TASK OBJECTIVE |
Return, exactly, the line that contains "サイドオープンデニムスカート【セット販売対象】 | MURUA | 詳細画像32" together with all lines after it to the end of the entries, and no further lines.

EXERCISE DATA |
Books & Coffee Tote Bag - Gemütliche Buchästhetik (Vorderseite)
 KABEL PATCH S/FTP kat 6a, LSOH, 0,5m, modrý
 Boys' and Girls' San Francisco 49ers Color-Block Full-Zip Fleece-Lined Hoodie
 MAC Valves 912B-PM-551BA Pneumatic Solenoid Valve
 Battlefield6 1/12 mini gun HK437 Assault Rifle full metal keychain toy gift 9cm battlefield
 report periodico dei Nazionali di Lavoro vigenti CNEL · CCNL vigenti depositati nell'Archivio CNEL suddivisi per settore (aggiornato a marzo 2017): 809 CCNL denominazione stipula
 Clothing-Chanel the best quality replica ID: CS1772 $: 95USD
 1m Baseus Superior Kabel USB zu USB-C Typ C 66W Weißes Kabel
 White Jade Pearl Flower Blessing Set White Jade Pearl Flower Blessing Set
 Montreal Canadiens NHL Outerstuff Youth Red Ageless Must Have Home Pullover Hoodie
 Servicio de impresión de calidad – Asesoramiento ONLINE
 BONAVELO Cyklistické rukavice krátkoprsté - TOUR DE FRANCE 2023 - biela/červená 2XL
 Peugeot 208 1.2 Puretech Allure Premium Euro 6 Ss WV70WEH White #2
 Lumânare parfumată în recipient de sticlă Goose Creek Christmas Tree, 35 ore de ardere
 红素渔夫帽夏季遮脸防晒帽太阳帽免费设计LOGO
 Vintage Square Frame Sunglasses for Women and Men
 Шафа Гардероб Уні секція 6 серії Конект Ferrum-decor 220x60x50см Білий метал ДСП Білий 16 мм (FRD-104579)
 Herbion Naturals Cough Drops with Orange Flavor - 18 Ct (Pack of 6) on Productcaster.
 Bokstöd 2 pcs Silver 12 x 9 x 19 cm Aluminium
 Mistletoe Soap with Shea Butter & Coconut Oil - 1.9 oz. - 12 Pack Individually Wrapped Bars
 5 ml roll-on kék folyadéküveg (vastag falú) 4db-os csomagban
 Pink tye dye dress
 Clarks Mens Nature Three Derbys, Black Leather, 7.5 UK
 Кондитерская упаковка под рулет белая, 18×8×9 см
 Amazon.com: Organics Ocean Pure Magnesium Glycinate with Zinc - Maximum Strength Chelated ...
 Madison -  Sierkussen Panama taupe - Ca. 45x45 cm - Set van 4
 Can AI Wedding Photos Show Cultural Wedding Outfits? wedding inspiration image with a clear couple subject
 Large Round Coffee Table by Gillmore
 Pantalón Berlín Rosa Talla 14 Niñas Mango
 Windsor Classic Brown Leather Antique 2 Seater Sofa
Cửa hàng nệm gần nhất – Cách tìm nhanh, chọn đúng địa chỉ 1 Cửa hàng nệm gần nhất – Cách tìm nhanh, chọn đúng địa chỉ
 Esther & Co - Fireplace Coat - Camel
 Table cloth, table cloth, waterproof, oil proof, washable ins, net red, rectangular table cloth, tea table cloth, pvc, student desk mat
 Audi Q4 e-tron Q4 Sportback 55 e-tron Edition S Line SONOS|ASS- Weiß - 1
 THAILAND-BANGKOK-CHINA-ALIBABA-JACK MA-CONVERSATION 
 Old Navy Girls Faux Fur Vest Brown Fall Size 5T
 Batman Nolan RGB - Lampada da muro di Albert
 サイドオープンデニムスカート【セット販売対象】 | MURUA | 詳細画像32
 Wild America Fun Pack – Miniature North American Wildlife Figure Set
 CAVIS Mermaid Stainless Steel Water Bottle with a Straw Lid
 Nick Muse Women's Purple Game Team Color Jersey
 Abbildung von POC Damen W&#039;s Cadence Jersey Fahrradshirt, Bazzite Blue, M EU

EXPECTED ANSWER |
 サイドオープンデニムスカート【セット販売対象】 | MURUA | 詳細画像32
 Wild America Fun Pack – Miniature North American Wildlife Figure Set
 CAVIS Mermaid Stainless Steel Water Bottle with a Straw Lid
 Nick Muse Women's Purple Game Team Color Jersey
 Abbildung von POC Damen W&#039;s Cadence Jersey Fahrradshirt, Bazzite Blue, M EU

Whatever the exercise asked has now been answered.